WojciechMula commented 8 years ago

@pombredanne As you suggested I've pushed new branch https://github.com/WojciechMula/pyahocorasick/tree/port-python2 All tests pass except one, pickling is broken. If you, or anybody else, can review it & post patches it would be great.

pombredanne commented 8 years ago

@WojciechMula If I run the tests here is what I get for now:

(tmp)pombreda@COMPUTER:~/w421/pyahocorasick$ python test.py 
['AHOCORASICK', 'Automaton', 'EMPTY', 'MATCH_AT_LEAST_PREFIX', 'MATCH_AT_MOST_PREFIX', 'MATCH_EXACT_LENGTH', 'STORE_ANY', 'STORE_INTS', 'STORE_LENGTH', 'TRIE', '__doc__', '__file__', '__name__', '__package__', 'unicode']
(6, (4, 'she'))
(6, (8, 'he'))
(6, (1, 'e'))
==
Traceback (most recent call last):
  File "test.py", line 35, in <module>
    a.search_all(s, callback, 2, 11)
AttributeError: 'ahocorasick.Automaton' object has no attribute 'search_all'
(tmp)pombreda@COMPUTER:~/w421/pyahocorasick$ python unittests.py 
........()
('_sh', ':')
('erhe', ':')
(3, 'she')
(3, 'he')
(4, 'her')
(6, 'he')
('rshe', ':')
(7, 'her')
(8, 'hers')
(10, 'she')
(10, 'he')
('_', ':')
......E..............................
======================================================================
ERROR: test_unpickle (__main__.TestPickle)
----------------------------------------------------------------------
Traceback (most recent call last):
  File "unittests.py", line 564, in test_unpickle
    B = pickle.loads(dump)
  File "/usr/lib/python2.7/pickle.py", line 1382, in loads
    return Unpickler(file).load()
  File "/usr/lib/python2.7/pickle.py", line 858, in load
    dispatch[key](self)
  File "/usr/lib/python2.7/pickle.py", line 1133, in load_reduce
    value = func(*args)
ValueError: invalid data to restore

----------------------------------------------------------------------
Ran 45 tests in 0.006s
pombredanne commented 8 years ago

IMHO the devils is in Unicode somewhere

pombredanne commented 8 years ago

I think I got a fix :package:

pombredanne commented 8 years ago

or at least some progress: See https://github.com/WojciechMula/pyahocorasick/blob/bef724b896aace7c339b431a2f4b66545881bdea/Automaton.c#L88 anything weird? const char* fmt = "is#iiii0" ends with a zero which is not a valid format code afaik. It should be at least const char* fmt = "is#iiiiO" with an O letter not a digit.

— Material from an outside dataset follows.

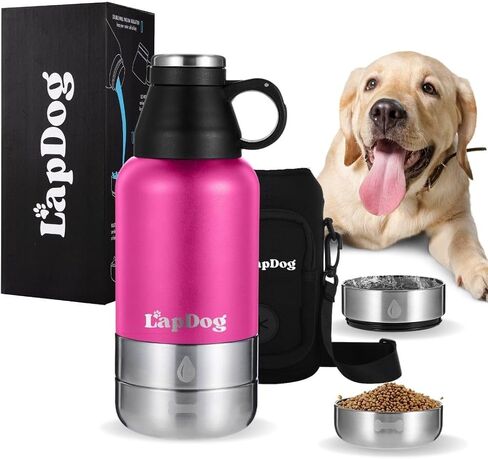 Lapdog Portable Dog Water Bottle & Food Bowls, All-in-One Accessories for Walking, Hiking, Beach- Double Walled, Insulated, Stainless Steel Water Dispenser (White/Powder Blue, With Black Neoprene Bag) in Saudi Arabia
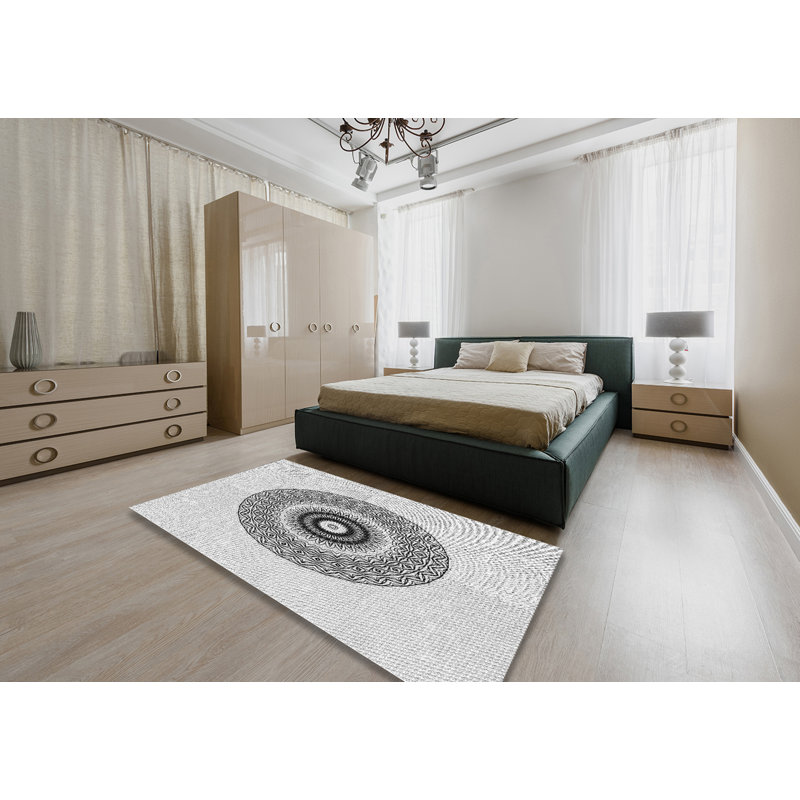 Tapis blanc/noir tissé à la machine, Rectangle 5 pi x 8 pi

After applying this character change, (see https://github.com/WojciechMula/pyahocorasick/pull/16 ) the tests fail this way :

(tmp)pombreda@COMPUTER:~/w421/pyahocorasick$ python unittests.py 
........()
('_sh', ':')
('erhe', ':')
(3, 'she')
(3, 'he')
(4, 'her')
(6, 'he')
('rshe', ':')
(7, 'her')
(8, 'hers')
(10, 'she')
(10, 'he')
('_', ':')
......Automaton_pickle.c:automaton_unpickle:284 - size >= count*(sizeof(TrieNode) - sizeof(TrieNode*)) failed!
pombredanne commented 8 years ago

BTW there were some issues with not wrecking your name in comments: your files are using an ISO-8859-1 encoding... IMHO a UTF-8 would be more portable.

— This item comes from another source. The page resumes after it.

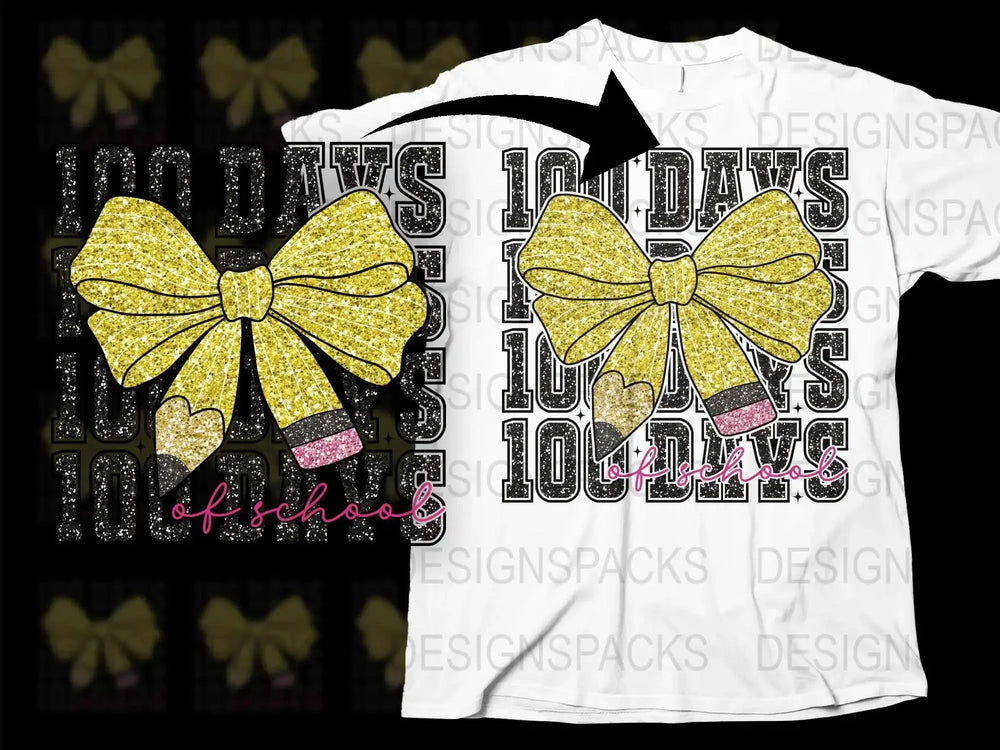 100 Days of School T-Shirt, Glitter Bow Design, White Tee, Celebration Shirt for Kids and Teachers, Fun School Event Apparel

WojciechMula commented 8 years ago

@pombredanne This is the ancient code, from the times when UTF-8 was not widely supported. :) I'll fix it.

The module is almost ported to 2.7, the only issues is pickling. It's totally screwed for the 64-bit machines. I must redesing it.

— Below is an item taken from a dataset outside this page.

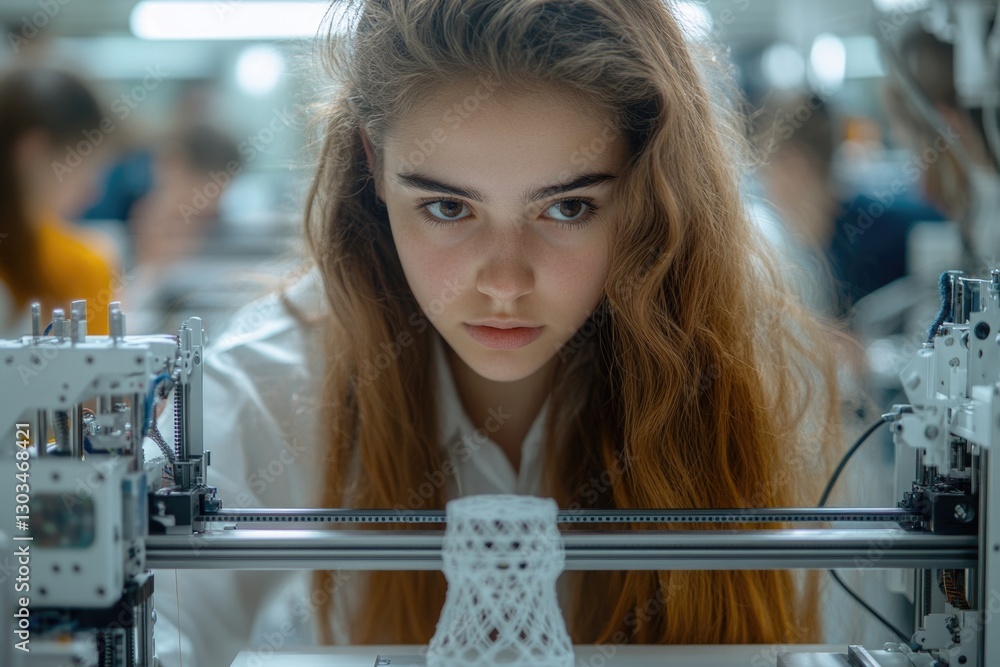Aufkleber a person using a 3d printer in a workshop or home setting, possibly for crafting or prototyping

pombredanne commented 8 years ago

@WojciechMula You rock! :+1:

WojciechMula commented 8 years ago

Sorry for delay, but finally I have found time & energy to move things forward. Please check out the current state of branch port-python2. Could you please help me with testing?

Now, at my computer, I'm able to compile the extension for both Python3 and Python2, and run unit tests. Thus, if nobody complains, I will merge the branch with master.